Task to complete: Make an exact copy of the records, dropping all pictures.

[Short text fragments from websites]

=== Section Start ===

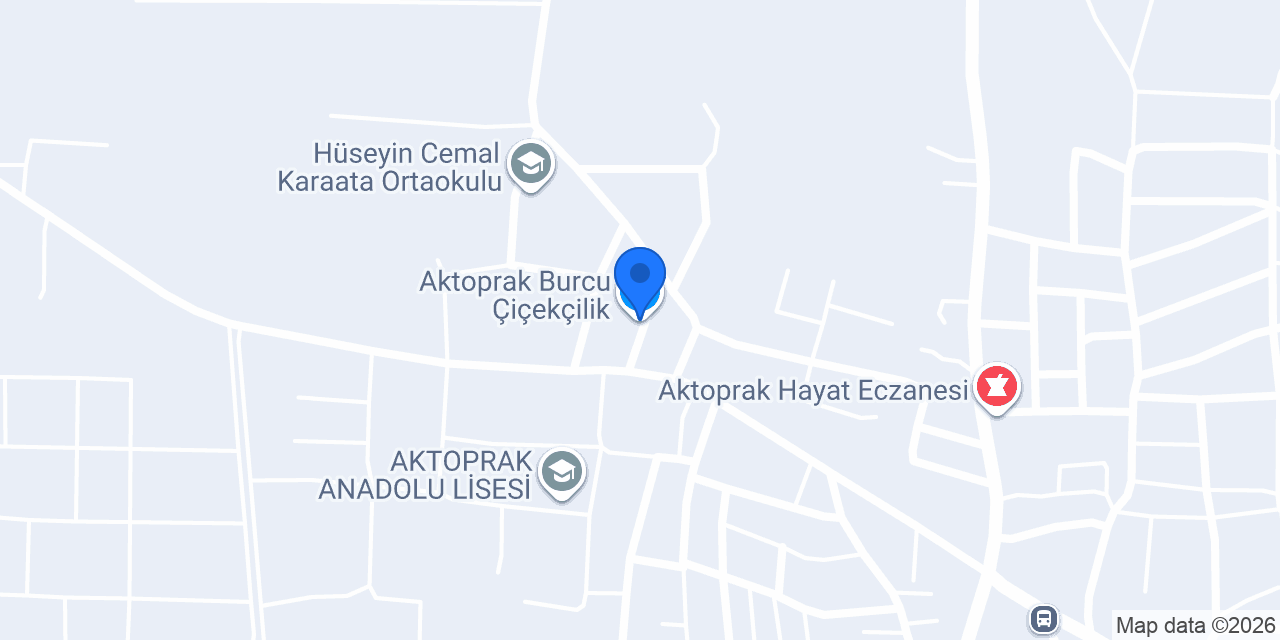 Aktoprak Burcu Çiçekçilik konumu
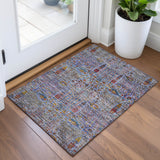 Addison Chantille ACN2053 Americana Machine Made Transitional Blue Rug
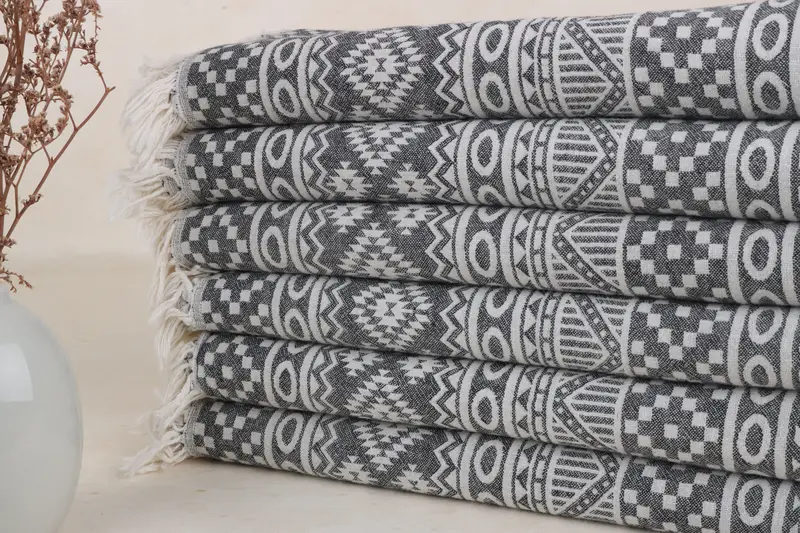 Peshtemal Towel, Bridal Gifts, Girls Weekend Favors, Beach Towel Bulk, Spa Gift Towel, Soft towel, Wedding Towel, 68x36 Cotton Geometric Towel - 1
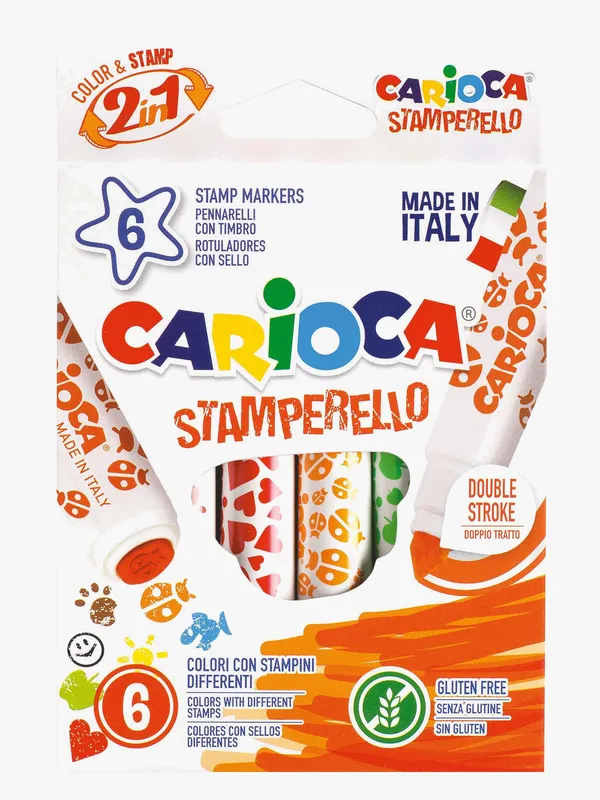 Stämpelpennor 6-p, Carioca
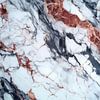 Marble abstraction in white, red and grey by Digitale Schilderijen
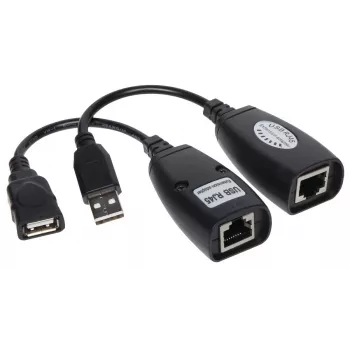 Genway USB-EX-50 USB 2.0 sąsajų šakotuvas, juodas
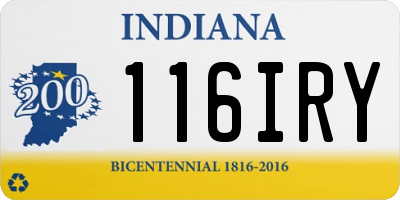 IN license plate 116IRY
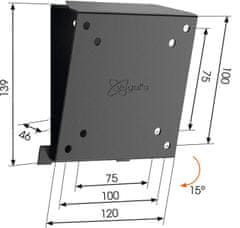 Vogels MA1010 LCD držák na stěnu Vogel´s, 17-26", náklon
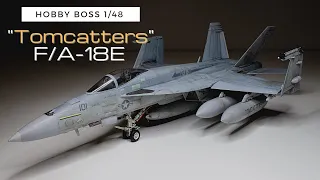 Hobby Boss 1/48th F/A-18E VFA-31 "Tomcatters" speed build.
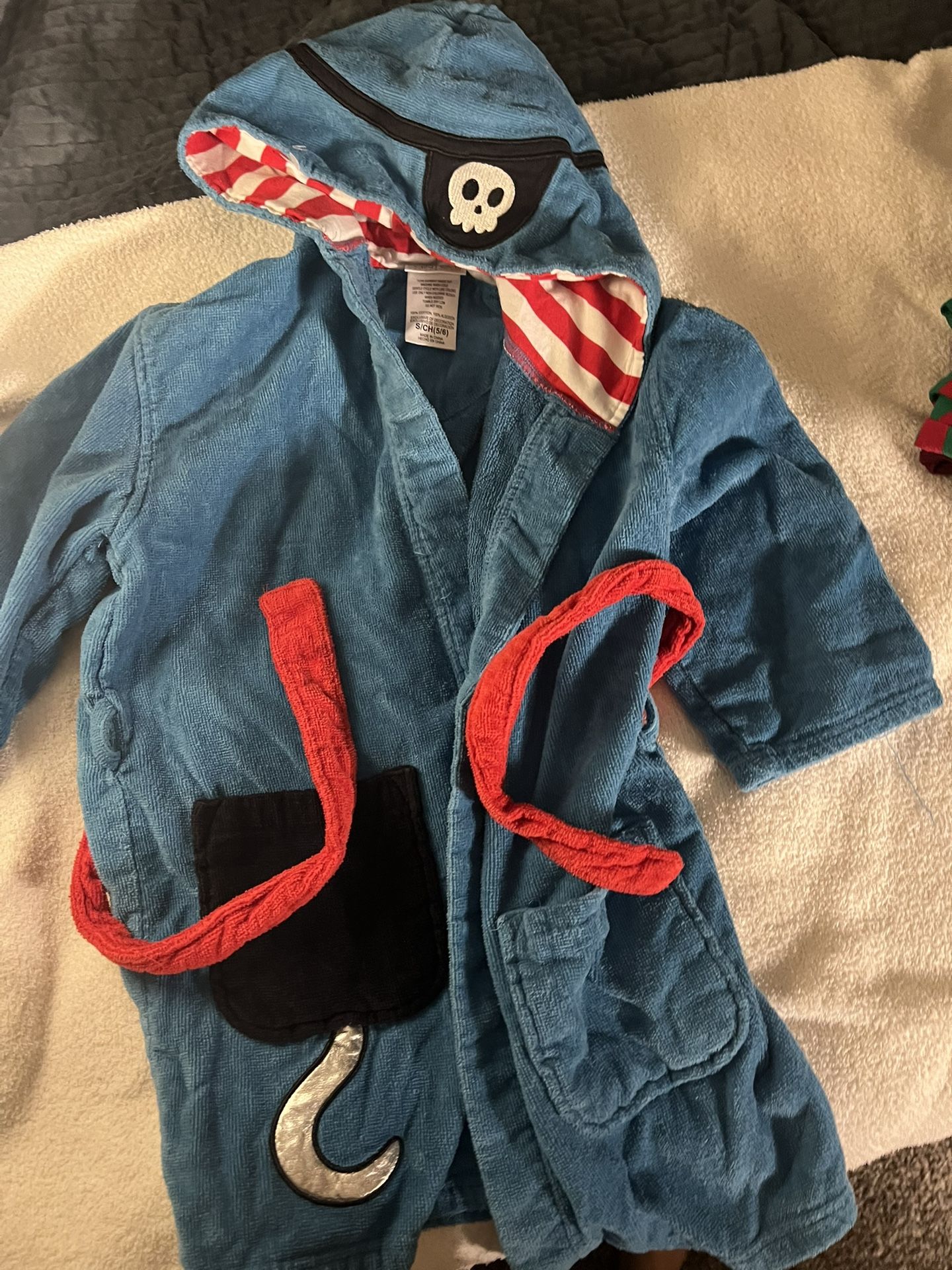 Pirate Bath Robe For Boys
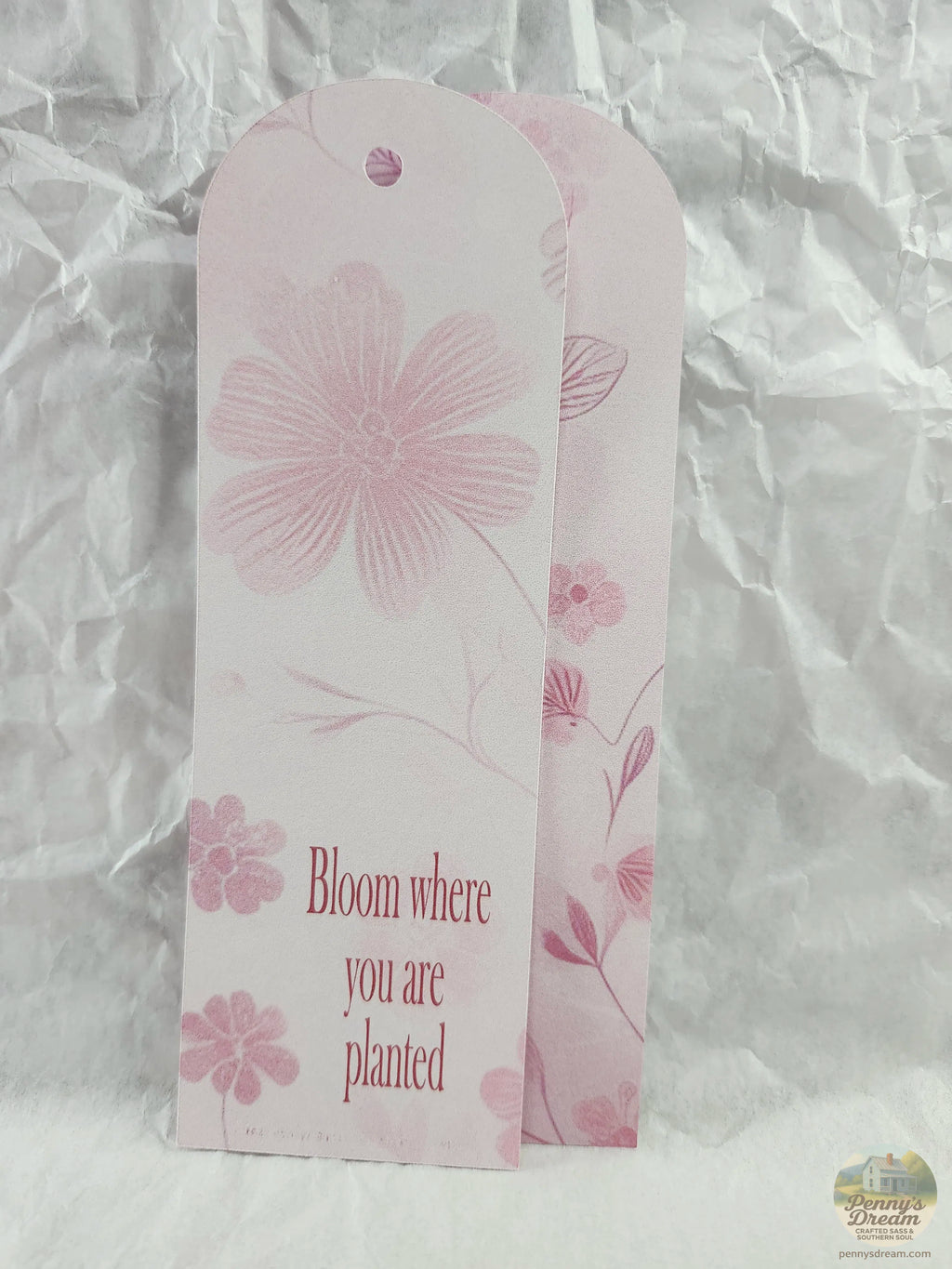 Bloom Where You Are Planted Bookmarks, Digital Download, PNG SVG
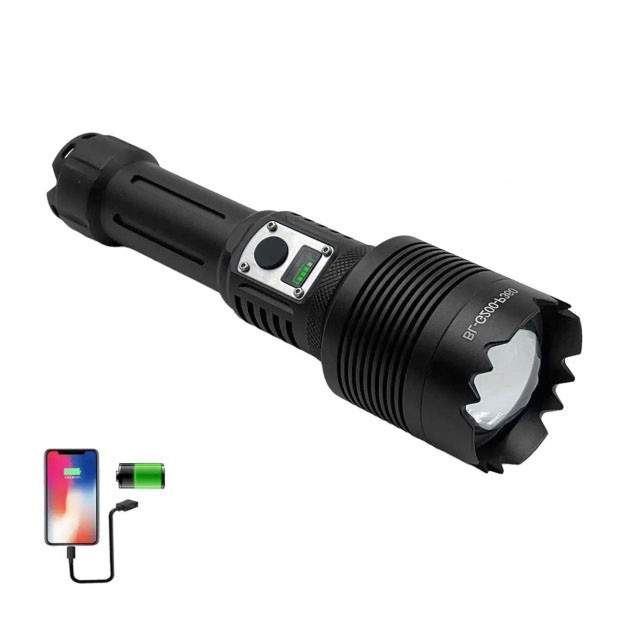 Потужний світлодіодний ліхтар Bailong, Тактичний ручний ліхтар для зсу, Тактичні ліхтарі акумуляторні AF-59 Львів - фото 3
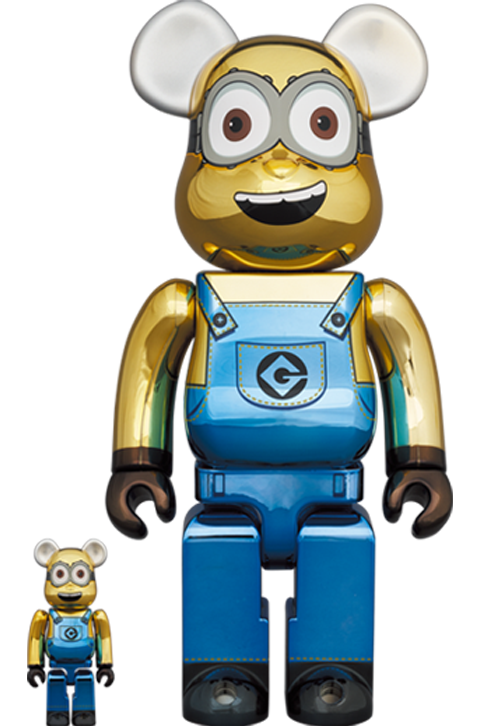 Be@rbrick Dave (Chrome Version) 100% and 400% Collectible Set by Medicom Toy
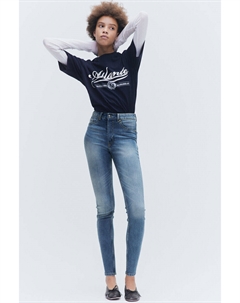 Высокие джинсы скинни, синий H&m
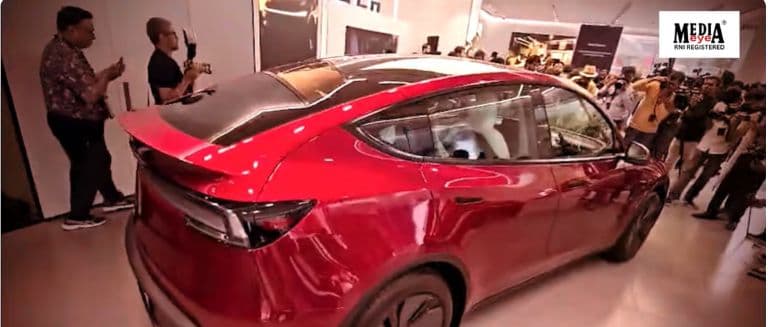 Watch Tesla's First Showroom Opening in Mumbai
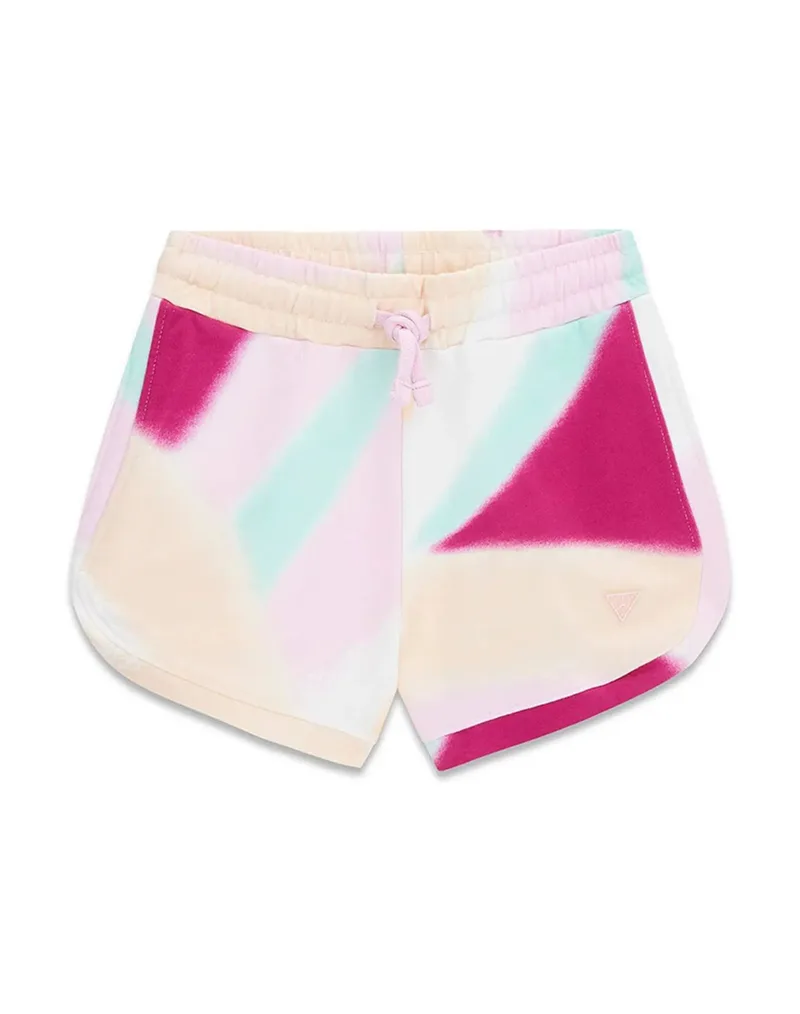 GUESS FRENCH TERRY REGULAR SHORTS ΣΟΡΤΣ ΠΑΙΔΙΚΟ GIRL J6GD05KA6R4-P33Y Multi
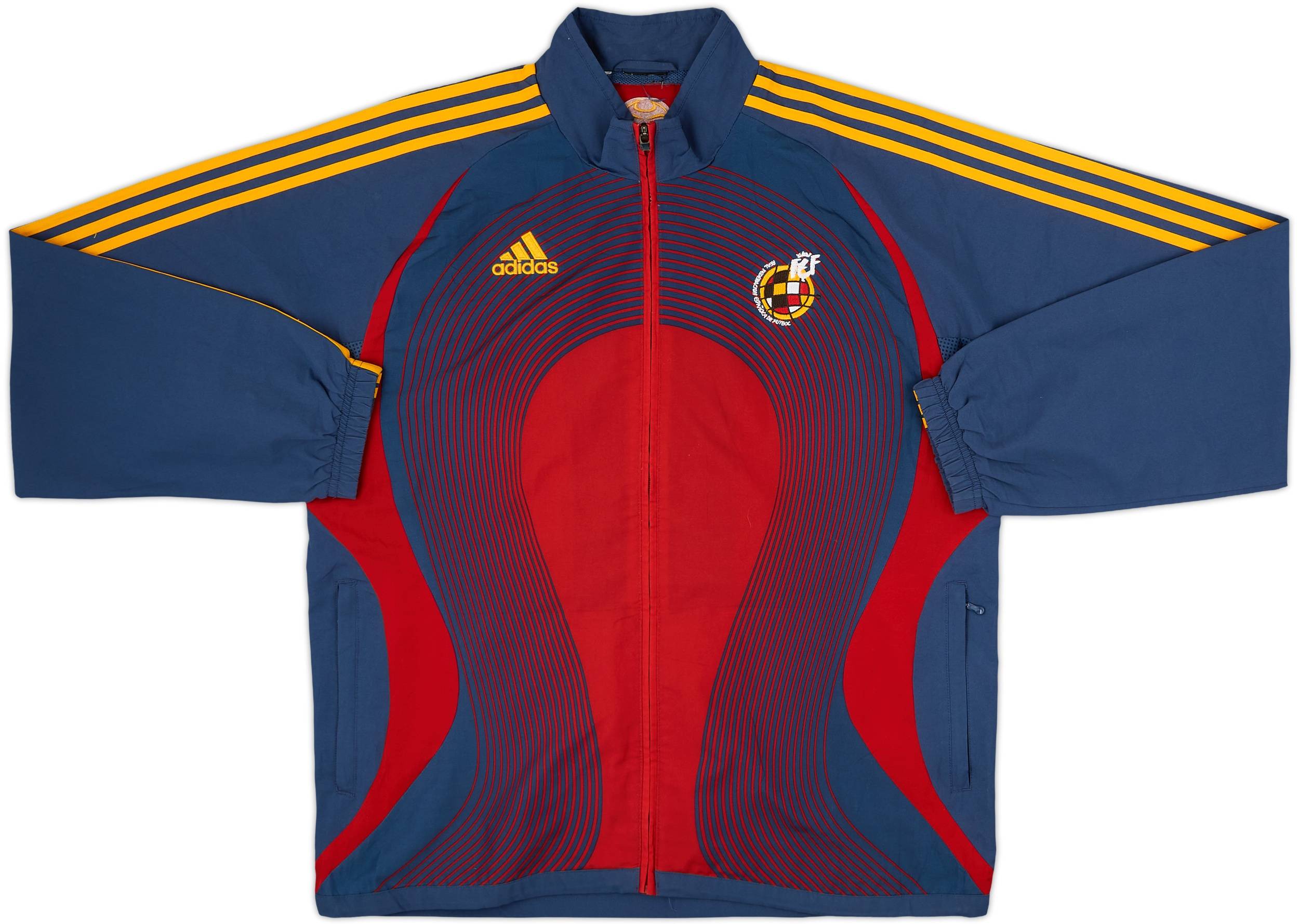 2006-07 Spain adidas Track Jacket - 8/10 - (XXL)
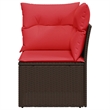 Afuera Living Contemporary Durable Poly Rattan Garden Sofa in Brown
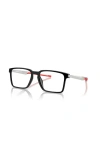 Scuderia Ferrari 56mm Rectangle Optical Glasses In Black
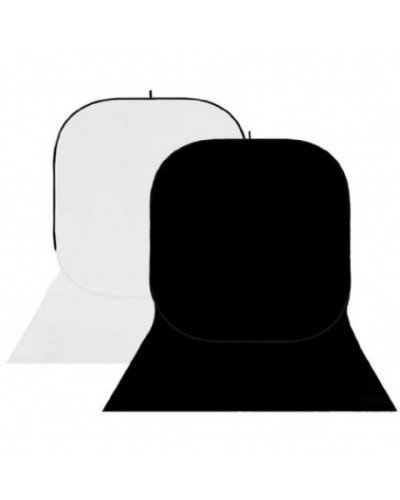 StudioKing Background Board 150x400cm,White/Black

=== Section End ===

Problem solution:
 Aktoprak Burcu Çiçekçilik konumu
 Addison Chantille ACN2053 Americana Machine Made Transitional Blue Rug
 Peshtemal Towel, Bridal Gifts, Girls Weekend Favors, Beach Towel Bulk, Spa Gift Towel, Soft towel, Wedding Towel, 68x36 Cotton Geometric Towel - 1
 Stämpelpennor 6-p, Carioca
 Marble abstraction in white, red and grey by Digitale Schilderijen
 Genway USB-EX-50 USB 2.0 sąsajų šakotuvas, juodas
 IN license plate 116IRY
 Vogels MA1010 LCD držák na stěnu Vogel´s, 17-26", náklon
 Hobby Boss 1/48th F/A-18E VFA-31 "Tomcatters" speed build.
 Pirate Bath Robe For Boys
 Bloom Where You Are Planted Bookmarks, Digital Download, PNG SVG
 Потужний світлодіодний ліхтар Bailong, Тактичний ручний ліхтар для зсу, Тактичні ліхтарі акумуляторні AF-59 Львів - фото 3
 Be@rbrick Dave (Chrome Version) 100% and 400% Collectible Set by Medicom Toy
 Высокие джинсы скинни, синий H&m
 Watch Tesla's First Showroom Opening in Mumbai
 GUESS FRENCH TERRY REGULAR SHORTS ΣΟΡΤΣ ΠΑΙΔΙΚΟ GIRL J6GD05KA6R4-P33Y Multi
 2006-07 Spain adidas Track Jacket - 8/10 - (XXL)
 Afuera Living Contemporary Durable Poly Rattan Garden Sofa in Brown
 Scuderia Ferrari 56mm Rectangle Optical Glasses In Black
 StudioKing Background Board 150x400cm,White/Black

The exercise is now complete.